WRT Insurance ( not to hijack the thread ). As far as my insurer goes: There's 'flood insurance' for outside water coming into your house. I don't have that because I'm on a hill and there's very little chance of flooding until the next glacial melt. There's 'water escape/backup' coverage; it's for when the sewer backs up into your house, or sump pump fails. I just dropped that coverage; it was $2500 deductable for $263 premium. I don't have a sewer, I have a septic system; if it backs-up I would notice right away when the shower didn't drain properly ( lowest plumbing appliance in house ). Being on a hill, the sump drains by gravity. Finally, there's 'water damage' coverage. It's for burst pipes and such - where the source is inside the house, except for when a tree falls on the roof and makes a hole that water comes in; that's covered by 'water damage'. My insurer will reduce that premium based on the percentage of finished basement, and by 25% if you install a water sensor and automatic shut-off valve. All in all by talking to the broker, I was able to reduce my premium by over $300.


----------



## Brian K

A touchy subject about DIY when it comes to gas lines - but they sell the tanks in the big box stores along with the gas fittings if needed so...... The pressure in the gas lines is only 4 oz of pressure and generally the height of the gas valves are the same so no need to modify the existing piping. Just shut off the small valve in the gas line by the tank, undo the coupling and unscrew it from the tank. Use some white goop for gas lines when you re-install it. A tube is a couple of dollars. I've been doing it myself for years with no issues. A pipe wrench and some soapy solution to check for bubbles and you're done.

Of course the other concern is the exhaust venting - but as long as it is in good shape (no corrosion holes) replacing it as you found it should be no problem. By the way - if you have a plumber come by and there is some corrosion in the venting, he (or she) may replace it with the 'B' vent for $400-$500 - but if the existing venting is in good shape they re-install it as they found it.

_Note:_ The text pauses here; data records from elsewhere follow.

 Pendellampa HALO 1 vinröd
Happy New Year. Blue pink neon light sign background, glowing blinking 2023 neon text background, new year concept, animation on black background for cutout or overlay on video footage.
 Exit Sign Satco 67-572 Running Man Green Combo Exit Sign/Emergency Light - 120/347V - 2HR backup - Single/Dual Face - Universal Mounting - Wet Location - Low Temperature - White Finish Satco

If it does need to be replaced, the home owner can do it with the same venting material, but the plumber cannot. So if you are going to get the tank replaced it would be a good idea to have a look at the vent and fix it yourself if needed BEFORE the plumber gets there to avoid an expensive add on to your bill. 

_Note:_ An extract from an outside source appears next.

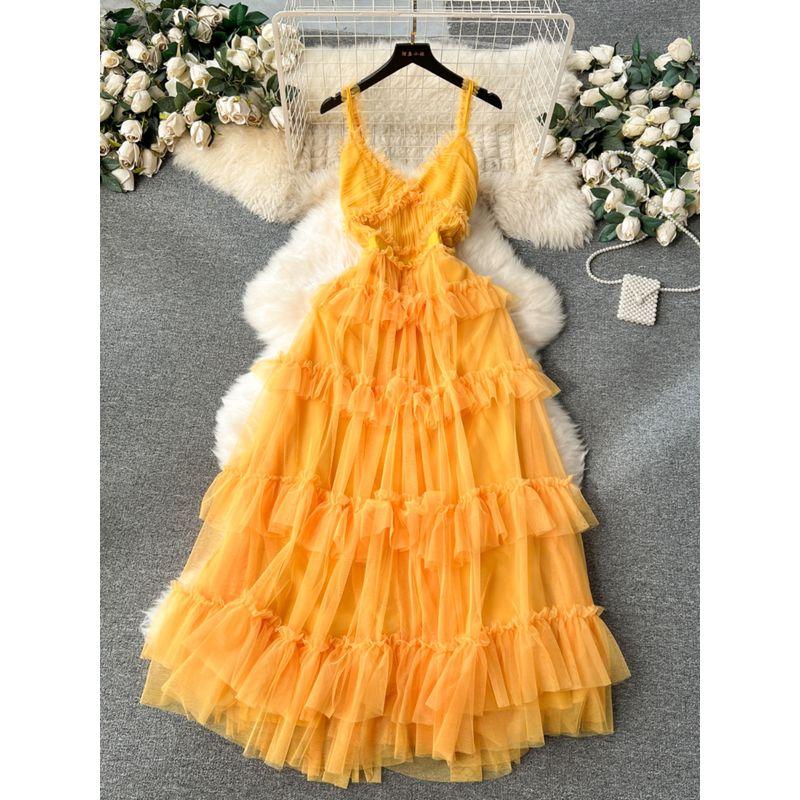 Sling Silm Long Fairy Mesh Dress Dress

Any as far as plumbing is concerned - the new "shark bite' fittings make change over a breeze. You can buy flexible stainless steel braided hoses that go from the HWT threaded inlet and outlet to 3/4" copper/Pex/PolyB and they push on. Dead easy and no soldering or crimping anymore and they actually work! These hose are about $20 and are removable. What a joy those things are. No more soldering or crimping.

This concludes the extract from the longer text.